Work task: Set down, word for word, every line of the material below from the one containing "A ball of dark" through the one containing "una puesta de", but none of its pictures.
++++ Material shown ++++
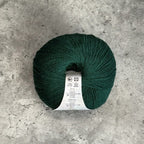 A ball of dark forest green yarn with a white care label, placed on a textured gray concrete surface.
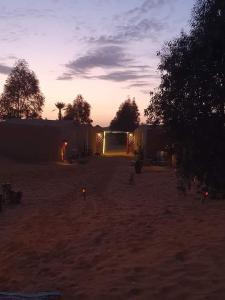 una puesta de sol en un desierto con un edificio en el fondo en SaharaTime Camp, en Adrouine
++++
++++ Material shown ++++
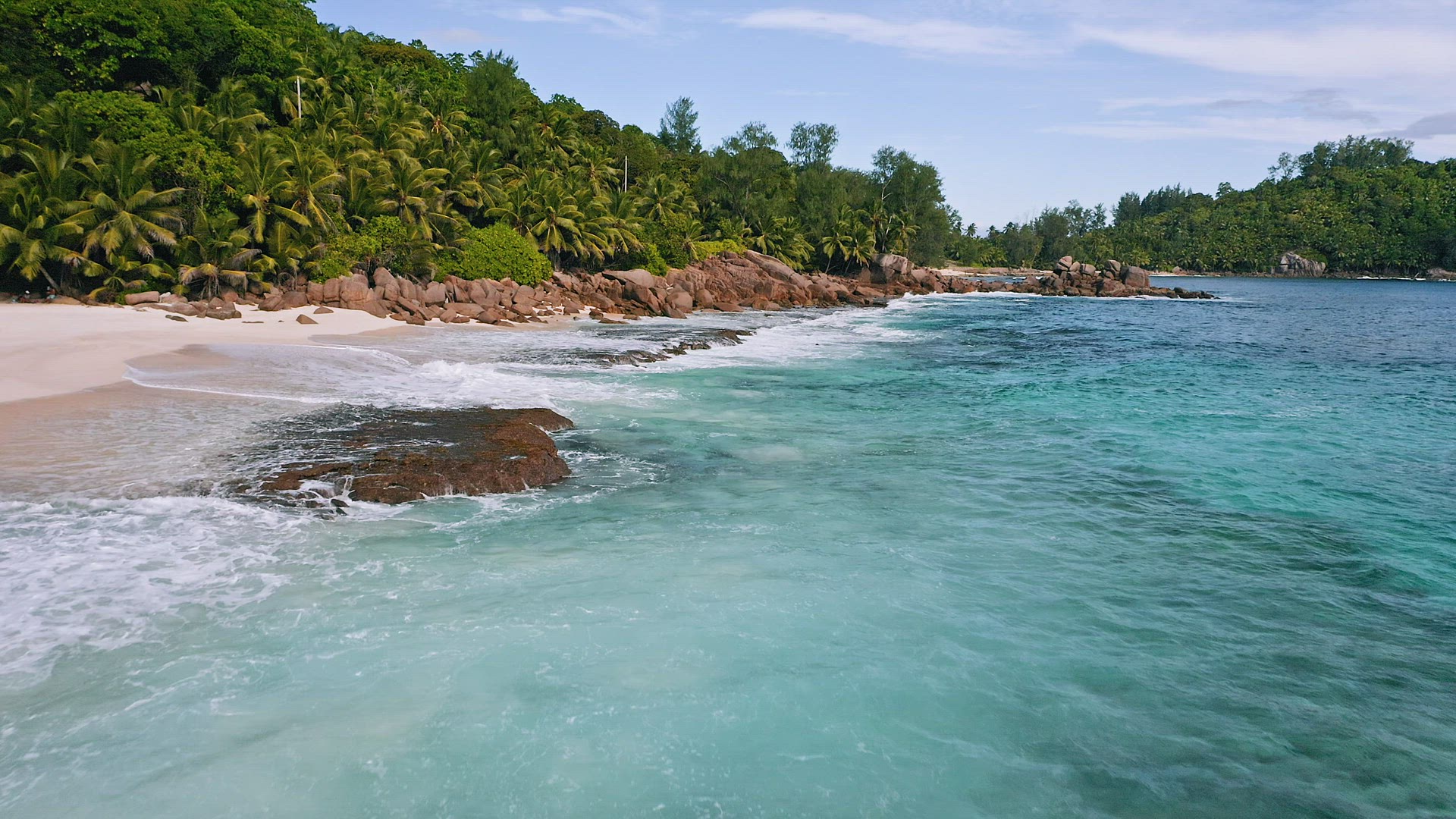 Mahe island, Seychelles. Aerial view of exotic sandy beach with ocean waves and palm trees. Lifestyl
++++
Answer box:
 A ball of dark forest green yarn with a white care label, placed on a textured gray concrete surface.
 una puesta de sol en un desierto con un edificio en el fondo en SaharaTime Camp, en Adrouine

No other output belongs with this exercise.